Deanshanger () is a village and civil parish in West Northamptonshire, west-northwest of Milton Keynes. In 2007 it was joined with the civil parish of Wicken to form Deanshanger ward, returning two councillors. The population of the civil parish (including Puxley) at the 2011 census was 3,817. Deanshanger is  northwest of London,  northwest of Milton Keynes and  southeast of Birmingham.

History
Deanshanger used to be called Daneshanger, "hanger" being an old English word, meaning a clearing in the woods – hence Daneshanger was a clearing in the woods where the Danes lived.
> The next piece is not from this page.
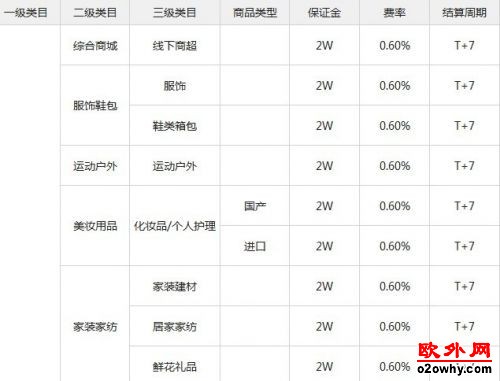 微信支付已正式开放申请,如何申请微信支付？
The original population centre of the parish was the hamlet of Passenham. However, from the late 18th century the coming of the Grand Union Canal to the east made Deanshanger an agricultural industrial centre causing it to grow quickly. This growth accelerated with the building of the London and Birmingham Railway in the first half of the 19th century which passed through the nearby villages of Wolverton, Bletchley and Roade.
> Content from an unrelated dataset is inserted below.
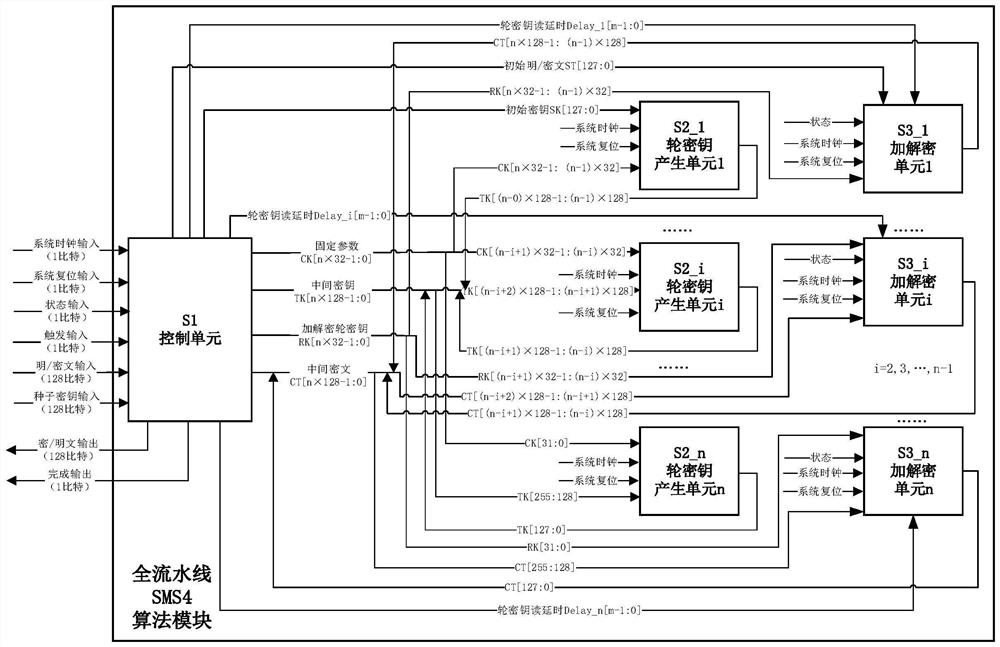 Full-pipeline SMS4 encryption and decryption method and system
After a fall out with Henry II in 1170 AD, Thomas Becket is said to have sought refuge in the Gilbertine Monastery in Deanshanger (or Dinneshangra as it was then known). Although disguised as a peasant, he was nevertheless recognised by a farm labourer. At the time the only water supply in the village was foul and brackish, and having heard of the miracle that Becket was said to have performed at nearby Northampton, the farm labourer pleaded with Becket to repeat the performance. Becket is said to have looked towards Heaven, struck the ground with his staff, and immediately a fresh spring appeared. This is one of 703 miracles that is said to have led to his canonisation.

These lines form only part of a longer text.